At this stage of the game it becomes more important for companies to show growth in revenues and the recent earnings season has painted a so-so picture for revenue growth. This will be the thing to watch for 2012.

If corporate revenues can attain steady growth then the markets will act accordingly and vice versa if revenue numbers become softer in future quarters. This focus on revenues will make sector and stock selection more important to those investors seeking growth from equities.

Without a doubt 2012 will be another entertaining year. And with the markets currently just points below our KO levels for the bears case we should know fairly soon if we should shift from risking opportunity to risking capital.

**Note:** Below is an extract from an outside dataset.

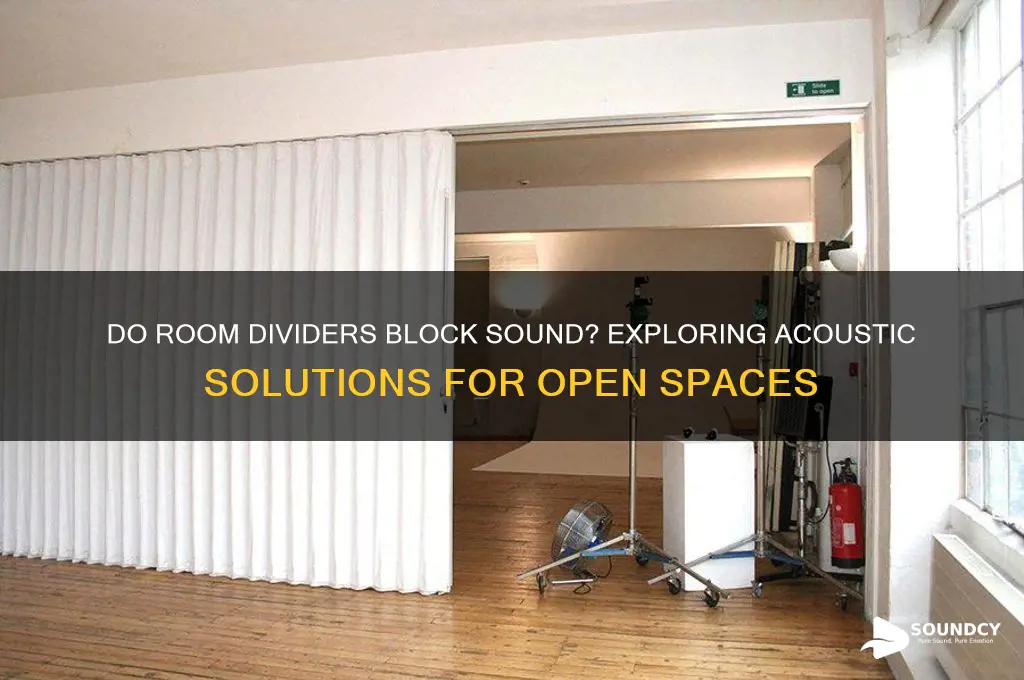 do room dividers block sound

This very topic will be discussed in our next writings and events in March where we will attempt to bridge the gap between the bulls and the bears and help you build a portfolio that has a risk reward profile that fits your needs.

Warmest Regards,

Colby McFadden
Quiver Financial
Newport Coast Asset Management


The opinions expressed are those of Colby Mcfadden and Quiver Financial as of January 30, 2012 and are subject to change due to market or other conditions. This is not a solicitation or recommendation of any investment; always consult a Financial Advisor before investing into any investment. Securities offered through Newport Coast Securities member FINRA/SIPC. Advisory services offered through Newport Coast Securities a SEC registered investment advisory.